» **Goal of the exercise**: What you give must be exactly the lines of the material from the first through the line that contains "Stunning Double Room", inclusive, and no others.

» **Available data**:

= = =

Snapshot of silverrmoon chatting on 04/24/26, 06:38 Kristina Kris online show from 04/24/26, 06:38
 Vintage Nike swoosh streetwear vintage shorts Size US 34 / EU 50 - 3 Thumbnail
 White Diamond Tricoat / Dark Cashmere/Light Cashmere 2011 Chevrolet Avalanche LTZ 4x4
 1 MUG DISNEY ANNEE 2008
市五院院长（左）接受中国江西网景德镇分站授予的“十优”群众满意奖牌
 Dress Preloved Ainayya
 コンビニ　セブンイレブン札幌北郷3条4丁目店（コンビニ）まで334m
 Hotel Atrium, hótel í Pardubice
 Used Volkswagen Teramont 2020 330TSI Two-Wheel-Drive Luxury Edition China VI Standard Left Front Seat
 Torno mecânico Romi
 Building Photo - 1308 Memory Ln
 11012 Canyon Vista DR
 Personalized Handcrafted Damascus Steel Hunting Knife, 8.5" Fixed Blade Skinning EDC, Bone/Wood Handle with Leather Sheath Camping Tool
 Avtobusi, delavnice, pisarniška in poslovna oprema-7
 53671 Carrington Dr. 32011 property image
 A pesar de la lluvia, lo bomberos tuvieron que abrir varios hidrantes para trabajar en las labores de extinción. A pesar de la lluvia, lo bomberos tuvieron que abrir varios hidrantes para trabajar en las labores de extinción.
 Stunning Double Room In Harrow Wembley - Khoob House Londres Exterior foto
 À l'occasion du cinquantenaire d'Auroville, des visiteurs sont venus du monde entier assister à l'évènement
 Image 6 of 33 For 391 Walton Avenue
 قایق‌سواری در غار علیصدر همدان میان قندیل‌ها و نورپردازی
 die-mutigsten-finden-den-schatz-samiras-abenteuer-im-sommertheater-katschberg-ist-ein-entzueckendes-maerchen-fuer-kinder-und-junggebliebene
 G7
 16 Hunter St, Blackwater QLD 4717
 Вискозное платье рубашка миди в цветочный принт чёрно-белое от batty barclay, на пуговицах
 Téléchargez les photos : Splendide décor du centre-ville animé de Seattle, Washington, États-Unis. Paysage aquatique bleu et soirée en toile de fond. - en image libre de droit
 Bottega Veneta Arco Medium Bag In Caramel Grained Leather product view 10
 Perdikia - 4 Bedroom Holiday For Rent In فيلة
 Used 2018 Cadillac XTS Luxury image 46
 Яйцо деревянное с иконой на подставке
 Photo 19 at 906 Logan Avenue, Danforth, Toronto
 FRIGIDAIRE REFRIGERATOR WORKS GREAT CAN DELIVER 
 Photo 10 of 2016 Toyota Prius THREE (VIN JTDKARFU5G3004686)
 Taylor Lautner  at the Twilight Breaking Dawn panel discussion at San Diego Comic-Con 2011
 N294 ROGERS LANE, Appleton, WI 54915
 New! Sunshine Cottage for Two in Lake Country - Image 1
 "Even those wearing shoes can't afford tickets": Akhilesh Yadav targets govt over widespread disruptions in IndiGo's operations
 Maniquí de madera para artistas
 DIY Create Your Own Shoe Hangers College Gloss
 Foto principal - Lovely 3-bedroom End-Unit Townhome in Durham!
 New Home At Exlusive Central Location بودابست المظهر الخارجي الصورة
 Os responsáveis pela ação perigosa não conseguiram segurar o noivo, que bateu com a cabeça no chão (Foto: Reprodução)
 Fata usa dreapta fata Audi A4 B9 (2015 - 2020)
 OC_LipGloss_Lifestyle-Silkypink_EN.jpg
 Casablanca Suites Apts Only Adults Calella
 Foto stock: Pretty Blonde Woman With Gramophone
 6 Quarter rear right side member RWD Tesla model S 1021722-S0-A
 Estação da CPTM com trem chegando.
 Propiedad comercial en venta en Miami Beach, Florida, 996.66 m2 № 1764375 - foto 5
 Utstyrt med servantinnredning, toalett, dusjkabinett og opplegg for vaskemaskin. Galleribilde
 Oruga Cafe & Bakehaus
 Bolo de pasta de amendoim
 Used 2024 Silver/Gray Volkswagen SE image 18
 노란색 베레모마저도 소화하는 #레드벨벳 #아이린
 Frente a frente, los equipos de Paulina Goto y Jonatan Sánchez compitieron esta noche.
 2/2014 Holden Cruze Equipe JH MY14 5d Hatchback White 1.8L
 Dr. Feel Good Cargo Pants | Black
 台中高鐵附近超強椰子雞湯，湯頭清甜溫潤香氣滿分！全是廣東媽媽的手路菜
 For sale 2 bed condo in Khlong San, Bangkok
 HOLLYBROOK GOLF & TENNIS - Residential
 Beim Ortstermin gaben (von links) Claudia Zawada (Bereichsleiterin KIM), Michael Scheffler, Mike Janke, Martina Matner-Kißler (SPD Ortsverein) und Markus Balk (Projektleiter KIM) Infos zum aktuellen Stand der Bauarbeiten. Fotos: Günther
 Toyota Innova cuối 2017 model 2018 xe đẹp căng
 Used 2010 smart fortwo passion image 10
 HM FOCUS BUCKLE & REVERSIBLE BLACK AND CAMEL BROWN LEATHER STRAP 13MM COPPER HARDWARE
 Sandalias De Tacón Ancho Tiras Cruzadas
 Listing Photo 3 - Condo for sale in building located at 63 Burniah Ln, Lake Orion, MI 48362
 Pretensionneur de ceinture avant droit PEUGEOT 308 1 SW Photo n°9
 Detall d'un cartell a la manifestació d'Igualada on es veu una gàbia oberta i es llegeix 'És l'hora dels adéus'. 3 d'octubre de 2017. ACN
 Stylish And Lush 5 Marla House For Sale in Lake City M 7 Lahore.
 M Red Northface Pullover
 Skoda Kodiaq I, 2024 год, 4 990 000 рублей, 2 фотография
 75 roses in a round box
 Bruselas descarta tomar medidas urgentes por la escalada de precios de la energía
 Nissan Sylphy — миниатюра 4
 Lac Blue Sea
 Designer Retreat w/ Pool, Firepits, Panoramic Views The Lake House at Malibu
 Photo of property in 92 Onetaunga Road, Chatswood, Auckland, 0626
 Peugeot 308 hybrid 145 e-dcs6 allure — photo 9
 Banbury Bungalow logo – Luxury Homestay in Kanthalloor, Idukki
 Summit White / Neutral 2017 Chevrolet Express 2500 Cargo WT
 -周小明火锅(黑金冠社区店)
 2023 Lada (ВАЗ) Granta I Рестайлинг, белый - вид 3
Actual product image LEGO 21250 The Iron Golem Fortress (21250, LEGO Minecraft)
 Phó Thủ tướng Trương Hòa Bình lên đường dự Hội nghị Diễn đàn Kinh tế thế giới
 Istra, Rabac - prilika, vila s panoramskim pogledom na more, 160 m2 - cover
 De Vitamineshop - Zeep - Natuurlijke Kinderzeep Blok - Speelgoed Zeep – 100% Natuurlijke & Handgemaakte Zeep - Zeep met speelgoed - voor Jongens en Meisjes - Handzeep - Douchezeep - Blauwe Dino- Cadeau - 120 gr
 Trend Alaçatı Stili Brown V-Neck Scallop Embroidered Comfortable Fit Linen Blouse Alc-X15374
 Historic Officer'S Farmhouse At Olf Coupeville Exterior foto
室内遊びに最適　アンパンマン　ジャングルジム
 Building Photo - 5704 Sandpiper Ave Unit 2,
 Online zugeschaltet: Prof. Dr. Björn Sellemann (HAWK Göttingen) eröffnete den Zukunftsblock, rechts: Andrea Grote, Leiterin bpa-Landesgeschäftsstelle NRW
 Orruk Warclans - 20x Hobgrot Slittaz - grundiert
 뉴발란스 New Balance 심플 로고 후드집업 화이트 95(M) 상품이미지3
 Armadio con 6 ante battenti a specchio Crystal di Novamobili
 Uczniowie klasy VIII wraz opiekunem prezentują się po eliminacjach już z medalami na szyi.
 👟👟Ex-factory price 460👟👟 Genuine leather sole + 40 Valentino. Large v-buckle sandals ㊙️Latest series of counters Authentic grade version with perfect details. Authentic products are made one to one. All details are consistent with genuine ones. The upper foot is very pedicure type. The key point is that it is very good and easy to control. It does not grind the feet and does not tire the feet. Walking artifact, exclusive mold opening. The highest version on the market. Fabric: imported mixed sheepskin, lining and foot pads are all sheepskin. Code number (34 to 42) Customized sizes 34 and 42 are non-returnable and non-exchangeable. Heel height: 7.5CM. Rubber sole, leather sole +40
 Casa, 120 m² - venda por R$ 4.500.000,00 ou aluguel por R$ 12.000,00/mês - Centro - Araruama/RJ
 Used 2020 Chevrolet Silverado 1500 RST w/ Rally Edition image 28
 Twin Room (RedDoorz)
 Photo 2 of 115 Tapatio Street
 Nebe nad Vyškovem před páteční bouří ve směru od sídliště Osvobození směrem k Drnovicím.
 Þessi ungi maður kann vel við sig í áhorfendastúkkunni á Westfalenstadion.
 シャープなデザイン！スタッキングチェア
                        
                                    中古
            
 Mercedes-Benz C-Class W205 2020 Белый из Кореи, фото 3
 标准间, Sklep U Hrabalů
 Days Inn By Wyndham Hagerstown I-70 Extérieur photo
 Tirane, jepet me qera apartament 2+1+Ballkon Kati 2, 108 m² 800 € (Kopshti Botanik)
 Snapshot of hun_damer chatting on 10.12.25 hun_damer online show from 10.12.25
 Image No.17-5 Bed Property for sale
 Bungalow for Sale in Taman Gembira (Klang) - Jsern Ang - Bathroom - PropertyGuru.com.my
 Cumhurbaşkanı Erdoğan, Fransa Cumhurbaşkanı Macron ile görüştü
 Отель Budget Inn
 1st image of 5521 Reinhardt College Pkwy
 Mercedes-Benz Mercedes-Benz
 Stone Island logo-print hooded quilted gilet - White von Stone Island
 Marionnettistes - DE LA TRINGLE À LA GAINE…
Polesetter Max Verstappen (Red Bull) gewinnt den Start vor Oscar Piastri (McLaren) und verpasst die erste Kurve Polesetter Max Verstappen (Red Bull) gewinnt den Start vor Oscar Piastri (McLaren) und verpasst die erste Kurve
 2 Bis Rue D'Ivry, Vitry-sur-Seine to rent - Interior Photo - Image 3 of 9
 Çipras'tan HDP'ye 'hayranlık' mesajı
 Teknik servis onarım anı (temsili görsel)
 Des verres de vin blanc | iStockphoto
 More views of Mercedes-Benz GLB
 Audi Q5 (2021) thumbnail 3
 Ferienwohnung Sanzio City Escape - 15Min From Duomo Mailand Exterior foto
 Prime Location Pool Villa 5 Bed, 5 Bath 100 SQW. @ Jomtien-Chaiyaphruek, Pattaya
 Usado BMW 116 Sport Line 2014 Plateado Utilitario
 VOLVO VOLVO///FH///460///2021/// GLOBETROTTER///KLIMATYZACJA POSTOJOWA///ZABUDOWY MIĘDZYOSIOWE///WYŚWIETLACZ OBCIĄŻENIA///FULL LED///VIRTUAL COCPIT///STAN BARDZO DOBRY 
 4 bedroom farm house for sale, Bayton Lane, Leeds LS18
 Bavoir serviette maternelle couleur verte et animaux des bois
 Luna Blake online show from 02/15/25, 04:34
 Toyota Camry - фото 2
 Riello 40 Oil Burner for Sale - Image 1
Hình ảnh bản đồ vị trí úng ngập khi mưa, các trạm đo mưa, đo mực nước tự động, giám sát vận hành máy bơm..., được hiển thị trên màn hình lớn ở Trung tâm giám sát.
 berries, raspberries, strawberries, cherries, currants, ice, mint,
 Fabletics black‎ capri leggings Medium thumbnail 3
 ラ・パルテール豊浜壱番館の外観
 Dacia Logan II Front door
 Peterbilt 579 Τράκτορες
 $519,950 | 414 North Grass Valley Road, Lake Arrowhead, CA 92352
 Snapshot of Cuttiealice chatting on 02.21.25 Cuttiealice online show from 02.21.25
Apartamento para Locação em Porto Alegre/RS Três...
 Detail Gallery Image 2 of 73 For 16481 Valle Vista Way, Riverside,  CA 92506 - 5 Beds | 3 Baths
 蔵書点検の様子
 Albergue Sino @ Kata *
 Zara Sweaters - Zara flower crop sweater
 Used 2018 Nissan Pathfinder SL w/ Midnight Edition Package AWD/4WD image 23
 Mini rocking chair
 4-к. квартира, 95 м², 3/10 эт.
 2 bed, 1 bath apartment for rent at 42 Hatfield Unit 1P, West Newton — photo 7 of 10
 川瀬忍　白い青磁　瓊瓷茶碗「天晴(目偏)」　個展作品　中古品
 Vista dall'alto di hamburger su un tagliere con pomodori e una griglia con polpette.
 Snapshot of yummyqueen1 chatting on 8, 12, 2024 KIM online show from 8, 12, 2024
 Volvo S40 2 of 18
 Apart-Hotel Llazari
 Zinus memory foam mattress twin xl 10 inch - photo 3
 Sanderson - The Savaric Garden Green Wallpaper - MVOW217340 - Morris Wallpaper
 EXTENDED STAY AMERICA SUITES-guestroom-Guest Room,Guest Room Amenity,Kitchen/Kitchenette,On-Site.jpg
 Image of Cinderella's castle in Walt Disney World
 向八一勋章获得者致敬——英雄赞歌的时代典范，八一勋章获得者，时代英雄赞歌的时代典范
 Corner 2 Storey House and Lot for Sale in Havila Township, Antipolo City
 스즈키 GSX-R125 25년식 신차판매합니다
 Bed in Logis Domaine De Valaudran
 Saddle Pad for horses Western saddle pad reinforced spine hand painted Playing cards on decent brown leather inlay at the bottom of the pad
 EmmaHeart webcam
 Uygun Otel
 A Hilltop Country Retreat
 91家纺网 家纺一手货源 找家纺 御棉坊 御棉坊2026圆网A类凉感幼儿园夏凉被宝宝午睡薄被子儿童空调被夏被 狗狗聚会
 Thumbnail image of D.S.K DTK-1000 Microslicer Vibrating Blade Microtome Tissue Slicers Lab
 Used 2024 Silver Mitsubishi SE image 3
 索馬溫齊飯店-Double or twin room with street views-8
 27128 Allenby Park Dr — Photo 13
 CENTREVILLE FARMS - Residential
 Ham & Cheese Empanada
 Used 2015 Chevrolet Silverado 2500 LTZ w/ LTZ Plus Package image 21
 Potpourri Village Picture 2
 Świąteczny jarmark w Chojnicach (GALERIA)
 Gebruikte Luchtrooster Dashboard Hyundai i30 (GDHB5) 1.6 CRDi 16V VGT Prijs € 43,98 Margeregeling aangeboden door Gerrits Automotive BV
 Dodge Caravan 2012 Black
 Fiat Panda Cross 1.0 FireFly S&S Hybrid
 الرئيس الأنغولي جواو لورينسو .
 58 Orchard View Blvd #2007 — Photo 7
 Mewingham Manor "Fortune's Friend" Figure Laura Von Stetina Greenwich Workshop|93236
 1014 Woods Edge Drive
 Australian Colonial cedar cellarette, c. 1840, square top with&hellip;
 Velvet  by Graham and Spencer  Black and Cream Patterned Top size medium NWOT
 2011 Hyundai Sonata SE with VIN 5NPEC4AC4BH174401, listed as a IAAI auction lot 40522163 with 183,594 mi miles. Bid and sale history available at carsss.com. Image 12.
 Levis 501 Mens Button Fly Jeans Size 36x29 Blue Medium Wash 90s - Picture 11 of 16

= = =

» **Output**:
Snapshot of silverrmoon chatting on 04/24/26, 06:38 Kristina Kris online show from 04/24/26, 06:38
 Vintage Nike swoosh streetwear vintage shorts Size US 34 / EU 50 - 3 Thumbnail
 White Diamond Tricoat / Dark Cashmere/Light Cashmere 2011 Chevrolet Avalanche LTZ 4x4
 1 MUG DISNEY ANNEE 2008
市五院院长（左）接受中国江西网景德镇分站授予的“十优”群众满意奖牌
 Dress Preloved Ainayya
 コンビニ　セブンイレブン札幌北郷3条4丁目店（コンビニ）まで334m
 Hotel Atrium, hótel í Pardubice
 Used Volkswagen Teramont 2020 330TSI Two-Wheel-Drive Luxury Edition China VI Standard Left Front Seat
 Torno mecânico Romi
 Building Photo - 1308 Memory Ln
 11012 Canyon Vista DR
 Personalized Handcrafted Damascus Steel Hunting Knife, 8.5" Fixed Blade Skinning EDC, Bone/Wood Handle with Leather Sheath Camping Tool
 Avtobusi, delavnice, pisarniška in poslovna oprema-7
 53671 Carrington Dr. 32011 property image
 A pesar de la lluvia, lo bomberos tuvieron que abrir varios hidrantes para trabajar en las labores de extinción. A pesar de la lluvia, lo bomberos tuvieron que abrir varios hidrantes para trabajar en las labores de extinción.
 Stunning Double Room In Harrow Wembley - Khoob House Londres Exterior foto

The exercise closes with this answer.